> [What to do]:
Exact copy, pictures excluded: please retype every record below.

[Brief descriptive captions]
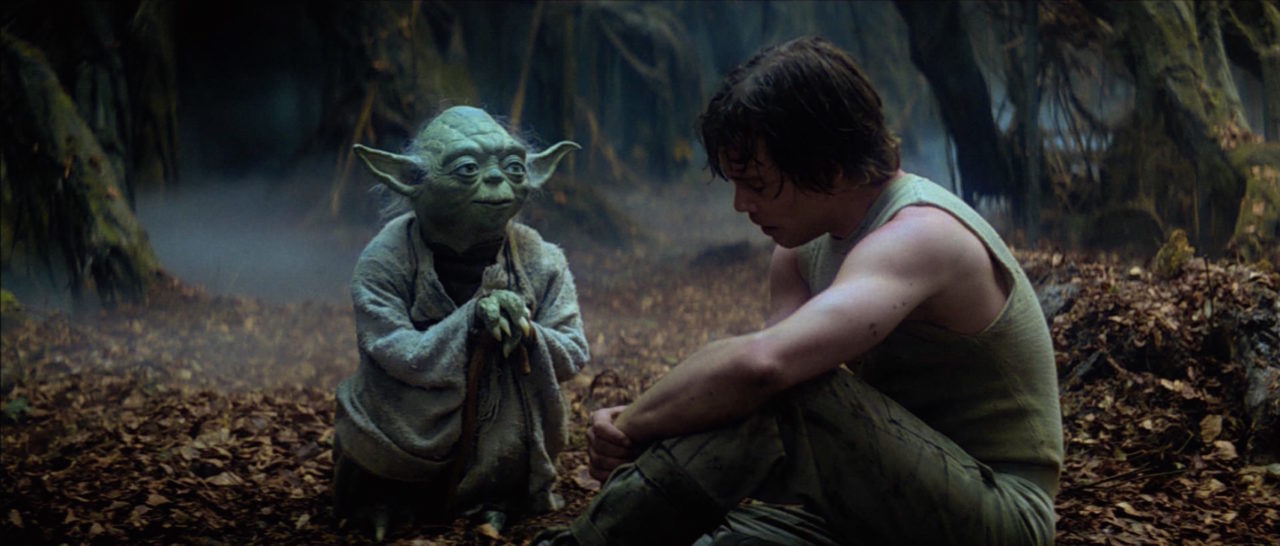 Yoda che spiega a Luke Skywalker cosa sia la forza sul pianeta Dagobah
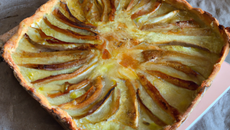 Tarte aux poireaux gratinée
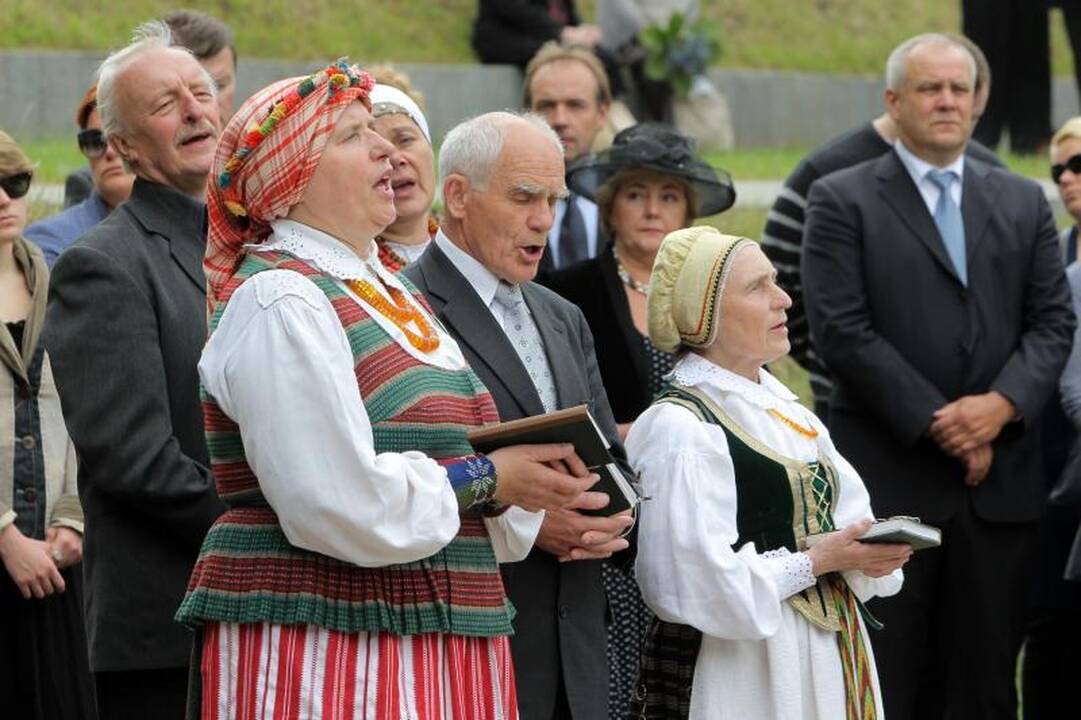 Atidengtas paminklas prezidentui A.M.Brazauskui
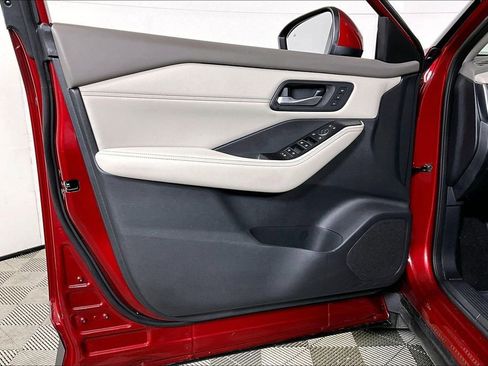 Used 2023 Nissan Rogue SL w/ SL Premium Package image 23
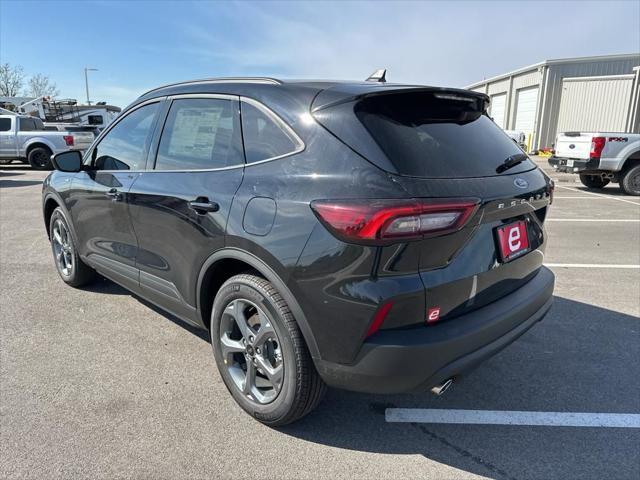 Photo of 2025 Agate Black Metallic Ford Escape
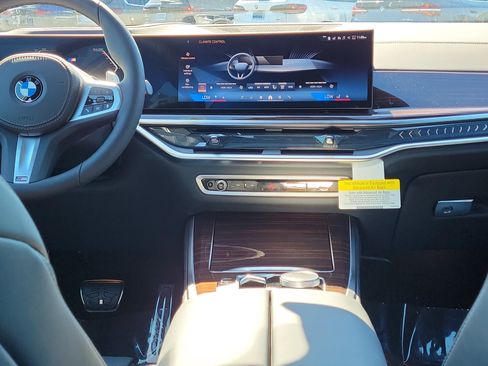 New 2026 BMW X5 xDrive40i w/ M Sport Package image 12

> [Solution for this problem]:
 Yoda che spiega a Luke Skywalker cosa sia la forza sul pianeta Dagobah
 Tarte aux poireaux gratinée
 Atidengtas paminklas prezidentui A.M.Brazauskui
 Used 2023 Nissan Rogue SL w/ SL Premium Package image 23
 Photo of 2025 Agate Black Metallic Ford Escape
 New 2026 BMW X5 xDrive40i w/ M Sport Package image 12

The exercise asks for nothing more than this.